Bu yıllarda 1978’ler de bu hesabın bir aparatı olarak PKK kurulmuş.
Türkiye’de, Irak’ta ve Suriye’de farklı Kürt devletleri kurulması o zamanlar da bürokrat veya vekiller aracılığı ile ifşa etmiş hesaplarını ona göre yapmışlar.
Sen neyle meşguldün o gün?
Bir sağdan bir soldan diyerek denge siyaseti ile ülkeyi suhulete kavuşturma sevdasında bir grup subay darbe yapmaktadır.
1990 lar da tarikatçı Özal'ı devirmeye uğraşmakla meşgulken bir seyahat sonrası kalbine(cinayete) yenik düşecektir.
Bir türlü boynunu kaldıramayan bir ülkedir.. Türkiye.
Biz bir sonraki hamleyi tahmin edemeyip tavla oynarken bizimkiler, İngilizler içimize sızanlar eliyle satranç gibi 30-40 yıl sonrasının şah ve mat için harıl harıl beyin patlatıyorlar.
Bugün Pençe Kilit operasyonuna benzer bir harekat planlanır Kuzey Irak’a. Musul ve Kerkük esas alınarak Misakı Milli sınırları esas alınarak bir plan yapamamışsın.

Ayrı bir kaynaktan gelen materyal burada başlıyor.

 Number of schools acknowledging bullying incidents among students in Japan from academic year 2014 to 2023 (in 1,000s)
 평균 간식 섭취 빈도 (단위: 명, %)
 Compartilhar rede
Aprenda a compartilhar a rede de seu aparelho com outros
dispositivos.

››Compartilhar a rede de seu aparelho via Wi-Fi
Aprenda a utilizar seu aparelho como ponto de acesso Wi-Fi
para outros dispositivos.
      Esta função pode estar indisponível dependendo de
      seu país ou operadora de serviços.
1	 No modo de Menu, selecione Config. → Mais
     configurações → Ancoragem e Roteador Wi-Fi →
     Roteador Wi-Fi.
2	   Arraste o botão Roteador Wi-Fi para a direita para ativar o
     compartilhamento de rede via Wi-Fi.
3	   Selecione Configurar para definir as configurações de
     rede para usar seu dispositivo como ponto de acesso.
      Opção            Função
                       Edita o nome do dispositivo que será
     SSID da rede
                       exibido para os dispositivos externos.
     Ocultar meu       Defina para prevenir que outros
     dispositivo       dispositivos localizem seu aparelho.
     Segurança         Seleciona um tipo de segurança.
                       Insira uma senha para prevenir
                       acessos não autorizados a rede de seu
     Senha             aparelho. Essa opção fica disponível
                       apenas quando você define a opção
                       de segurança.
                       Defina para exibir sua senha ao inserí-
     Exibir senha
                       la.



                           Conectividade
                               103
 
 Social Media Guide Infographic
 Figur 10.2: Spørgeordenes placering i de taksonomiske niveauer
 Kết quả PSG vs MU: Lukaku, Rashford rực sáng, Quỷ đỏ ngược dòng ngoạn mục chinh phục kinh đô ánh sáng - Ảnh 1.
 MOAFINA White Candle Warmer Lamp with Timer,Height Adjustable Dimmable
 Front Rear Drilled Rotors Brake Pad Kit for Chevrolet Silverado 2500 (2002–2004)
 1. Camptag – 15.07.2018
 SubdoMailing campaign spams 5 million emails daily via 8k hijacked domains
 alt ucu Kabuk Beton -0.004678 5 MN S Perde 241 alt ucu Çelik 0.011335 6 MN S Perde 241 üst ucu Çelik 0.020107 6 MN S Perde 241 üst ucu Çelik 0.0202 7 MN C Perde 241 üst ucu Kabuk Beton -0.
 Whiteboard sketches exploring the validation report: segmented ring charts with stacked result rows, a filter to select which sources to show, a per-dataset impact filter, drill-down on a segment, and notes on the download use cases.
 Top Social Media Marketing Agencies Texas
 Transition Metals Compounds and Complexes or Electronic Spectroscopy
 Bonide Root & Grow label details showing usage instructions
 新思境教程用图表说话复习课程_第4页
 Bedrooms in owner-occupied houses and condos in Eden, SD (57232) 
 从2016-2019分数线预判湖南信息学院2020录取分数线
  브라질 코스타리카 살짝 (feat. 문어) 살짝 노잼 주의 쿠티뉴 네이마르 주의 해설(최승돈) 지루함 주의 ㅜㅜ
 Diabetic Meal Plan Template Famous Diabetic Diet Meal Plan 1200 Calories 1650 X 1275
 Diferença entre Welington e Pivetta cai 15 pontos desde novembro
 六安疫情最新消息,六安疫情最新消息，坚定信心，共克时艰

Zamanın ABD başkanı Bush, diğeri Irak Lideri Saddam olmak üzere ikisi de seni buyur zaten senindi yeni gelmedin geri gel demişler girememişsin Kuzey Irak'a. Girip te, senin olanı alasın, PKK'yı bitiresin.
O zamanlar da Türkiye’de bir genelkurmay başkanı görev süresi sona ermeden 3 Aralık 1990 tarihinde kendi isteğiyle Genelkurmay Başkanlığı görevinden emekliye ayrıldı. Emekli olmadan önce Cumhurbaşkanı Turgut Özal, Körfez Savaşı'na Türkiye'nin de iştirakini sağlamak için Genelkurmay Başkanlığına yazılı bir emir göndererek Türkiye'ye dışarıdan asker gelmesi ve yurt dışına asker gönderilmesi için gerekli hazırlıkların yapılmasını istedi. Necip Torumtay ise Türk Silahlı Kuvvetlerinin bu savaşa hazır olmadığı kanaatindeydi. Ayrıca böyle bir hazırlık yapılabilmesi için sadece cumhurbaşkanın imzası yeterli değildi, bütün bakanların da imzaları gerekiyordu. Özal'ın bu emrivakisi karşısında Torumtay, hiç kimseye haber vermeden sadece Genelkurmay II. Başkanıyla konuştu. Emeklilik dilekçesini yazdı ve ilgili kurumlara gönderdi. Özal emeklilikten vazgeçirmeye çalışsa da kabul etmeyerek emekli oldu.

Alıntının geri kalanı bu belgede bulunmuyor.